Honey Bun's management expects to sell 400,000 16-ounce cartons of the new product in each of the next 4 years. The price is expected to be US$2.00 per carton. Fixed costs are estimated to be US$100,000, and variable cash operating costs are estimated at US$1.25 per unit. Note that operating costs are a function of the number of units sold rather than unit price, so unit price changes have no direct effect on operating costs.
In examining the sales figures, a team member of yours, Adam, noted a short memo from Honey Bun's Marketing Executive, Janelle, who expressed concern that the Honey Bulla project would cut into the firm's sales of the regular Honey Buns. Specifically, the Marketing Executive estimated that regular Honey Bun sales would fall by five percent (5%) if Honey Bulla were introduced.
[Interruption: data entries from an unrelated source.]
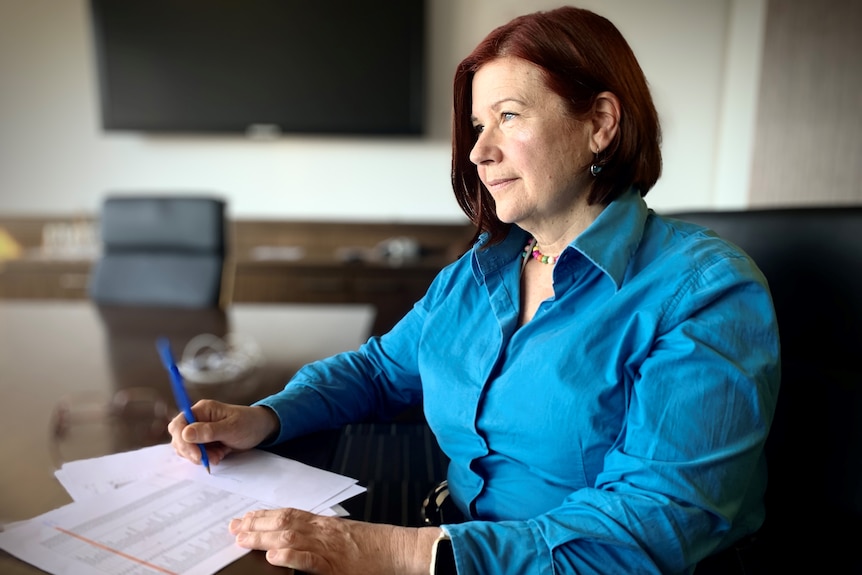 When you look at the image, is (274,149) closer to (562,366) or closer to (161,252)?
(161,252)

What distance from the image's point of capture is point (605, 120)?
81 cm

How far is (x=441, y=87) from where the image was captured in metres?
3.40

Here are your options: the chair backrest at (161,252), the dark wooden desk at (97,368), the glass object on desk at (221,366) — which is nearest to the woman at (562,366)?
the dark wooden desk at (97,368)

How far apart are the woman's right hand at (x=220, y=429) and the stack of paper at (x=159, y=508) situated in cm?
2

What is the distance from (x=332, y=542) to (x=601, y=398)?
1.09 ft

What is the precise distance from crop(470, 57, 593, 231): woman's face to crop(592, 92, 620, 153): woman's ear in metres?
0.01

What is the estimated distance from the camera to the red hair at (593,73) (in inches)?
30.1

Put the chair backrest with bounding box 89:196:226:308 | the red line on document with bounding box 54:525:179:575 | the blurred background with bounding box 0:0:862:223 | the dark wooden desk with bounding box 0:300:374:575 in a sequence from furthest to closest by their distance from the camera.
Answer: the blurred background with bounding box 0:0:862:223, the chair backrest with bounding box 89:196:226:308, the dark wooden desk with bounding box 0:300:374:575, the red line on document with bounding box 54:525:179:575

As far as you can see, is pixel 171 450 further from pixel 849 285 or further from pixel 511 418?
pixel 849 285

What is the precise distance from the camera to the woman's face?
2.58 feet

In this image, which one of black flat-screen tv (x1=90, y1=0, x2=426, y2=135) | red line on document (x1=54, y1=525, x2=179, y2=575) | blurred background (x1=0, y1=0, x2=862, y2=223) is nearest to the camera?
red line on document (x1=54, y1=525, x2=179, y2=575)

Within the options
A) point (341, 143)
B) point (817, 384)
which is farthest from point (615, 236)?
point (341, 143)

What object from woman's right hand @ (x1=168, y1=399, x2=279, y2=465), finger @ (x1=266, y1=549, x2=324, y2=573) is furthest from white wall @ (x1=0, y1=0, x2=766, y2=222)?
finger @ (x1=266, y1=549, x2=324, y2=573)

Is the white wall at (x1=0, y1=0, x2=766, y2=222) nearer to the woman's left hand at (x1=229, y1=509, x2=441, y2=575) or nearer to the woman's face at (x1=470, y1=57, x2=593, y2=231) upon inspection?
the woman's face at (x1=470, y1=57, x2=593, y2=231)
Adam pursued this further with both the sales and production managers, and they estimated that the new project would probably lower the firm's regular Honey Bun sales by $40,000 per year. However, this volume reduction would also reduce regular Honey Bun production costs by $20,000 per year on a pretax basis.
Required:
Financial Excel Model:
- Calculate Honey Bun's overall Weighted Average Cost of Capital (WACC)? Assume that this WACC is the appropriate discount/hurdle rate.
- Prepare a spreadsheet showing the operating after tax cash flows, terminal cash flow and total project cash flows. Estimate the product's operating cash flows inclusive of cannibalization effects. What is the project's NPV, PI, IRR, and Payback Period? State your decisions/conclusion in the spreadsheet (bullet format, brevity is your friend!).
- Prepare a Sensitivity Analysis of the variable(s) and/or value driver(s), you deem to be KEY to the outcome of the project (i.e., prepare the base case, then sensitivities on how the results from the base case could change if certain key variables change from the values used in the base case). Graphical illustrations of the sensitivities will enhance your submission.